§ **WHAT TO DO**:
Take the material below and reproduce, word for word, only the lines from the line with "Calvin Klein Pink" through the line with "moana and maui".

§ **PROVIDED RECORDS**:
====================

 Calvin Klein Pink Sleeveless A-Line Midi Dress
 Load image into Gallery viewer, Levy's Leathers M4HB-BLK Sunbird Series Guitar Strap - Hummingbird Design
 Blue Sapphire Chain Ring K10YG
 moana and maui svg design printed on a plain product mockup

====================

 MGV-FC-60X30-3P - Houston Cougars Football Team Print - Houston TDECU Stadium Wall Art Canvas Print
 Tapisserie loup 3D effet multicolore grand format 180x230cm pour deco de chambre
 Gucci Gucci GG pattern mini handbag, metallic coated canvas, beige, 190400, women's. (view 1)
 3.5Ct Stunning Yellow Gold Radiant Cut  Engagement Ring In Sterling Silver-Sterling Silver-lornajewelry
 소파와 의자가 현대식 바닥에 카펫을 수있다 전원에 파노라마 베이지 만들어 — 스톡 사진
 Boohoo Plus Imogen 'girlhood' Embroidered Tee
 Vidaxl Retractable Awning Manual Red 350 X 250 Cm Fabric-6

====================

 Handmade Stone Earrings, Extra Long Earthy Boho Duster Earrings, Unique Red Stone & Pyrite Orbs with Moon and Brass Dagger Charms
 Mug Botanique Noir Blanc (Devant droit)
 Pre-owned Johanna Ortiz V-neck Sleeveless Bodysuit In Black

====================

§ **TASK ANSWER**:
 Calvin Klein Pink Sleeveless A-Line Midi Dress
 Load image into Gallery viewer, Levy's Leathers M4HB-BLK Sunbird Series Guitar Strap - Hummingbird Design
 Blue Sapphire Chain Ring K10YG
 moana and maui svg design printed on a plain product mockup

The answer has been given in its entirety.